ARARE – The Zimbabwe Electoral Commission (ZEC) has come under fire after it postponed, without explanation, a voter registration blitz that had been slated to start on December 6.

A leaked ZEC internal memorandum said the biometric voter registration exercise “was scheduled to a later date to be advised in due course.”

No reasons were provided.

Now political parties and election watchers are accusing ZEC, whose independence has been questioned, of voter suppression.

Election Resource Centre (ERC) programmes manager Solomon Bobosibunu said they had noted the postponement with “dismay.”

The voter registration outreach would have “addressed under-registration and afforded new voters who have turned 18 a chance to register” as Zimbabwe counts down to elections in 2023, Bobosibunu said.

He added: “Voter registration is arguably one of the most important pre-election activities, as voter registration ensures equitable participation in elections, enhances voter turnout, and impacts on the delimitation of constituency boundaries.

“The importance of voter registration ahead of the delimitation process cannot be overstated as a true representative democracy will only be achieved through equitable representation. The voter registration blitz was important, particularly for engaging first-time voters and under-registered areas ahead of delimitation.”

Voter registration remains open at ZEC offices countrywide, but they are largely inaccessible for many due to transport costs. The ZEC outreach was expected to see teams fan out across the country at polling station level to register new voters.
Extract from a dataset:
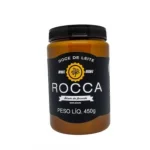 Doce de Leite Tradicional Rocca 450g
The main opposition MDC Alliance said: “vOETER  to register voters.

“No reasons have been given for the failure to conduct the voter registration blitz. Voter suppression must fall.”
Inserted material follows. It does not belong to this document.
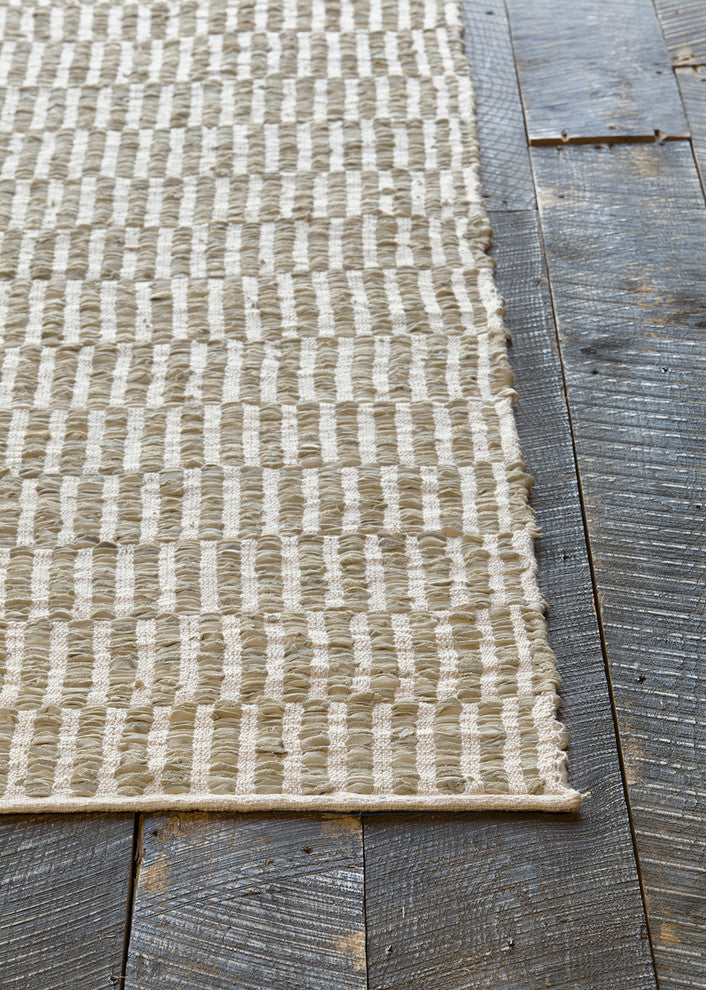 Jazz Contemporary Area Rug, 7'9"x10'6" Rectangle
ZEC is set to conduct a delimitation exercise next year, which could see constituency boundaries redrawn.

The electoral body recently announced that three of Bulawayo’s 12 constituencies, an MDC Alliance stronghold, could be lost during delimitation due to low numbers of registered voters.

A consortium of 25 civil society organisations in Matabeleland last week launched the “EkhayaVote2023 to register new voters and prevent the loss of constituencies.
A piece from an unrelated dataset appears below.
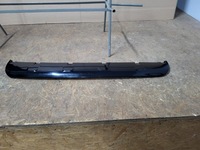 фото thumb №6, Mitsubishi eclipse cross спойлер бампера перед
ZEC has faced persistent allegations of bias towards the ruling Zanu PF party, amid claims that retired soldiers in its secretariat are at the forefront of manipulating processes to tilt the scales in Zanu PF’s favour.

In March last year ZEC suspended by-elections citing the Covid-19 global pandemic. Vice president Constantino Chiwenga, who doubles as health minister, subsequently amended the public health regulations to indefinitely suspend by-elections.

Critics however argue that the pandemic had been weaponised by the Zanu PF government to frustrate democratic processes, pointing to successful elections held in regional countries including Zambia and South Africa in the last few months.

“With murmurs of a fourth Covid-19 wave after the festive period, the postponement of the December voter registration blitz is a missed opportunity for ZEC,” said Bobosibunu.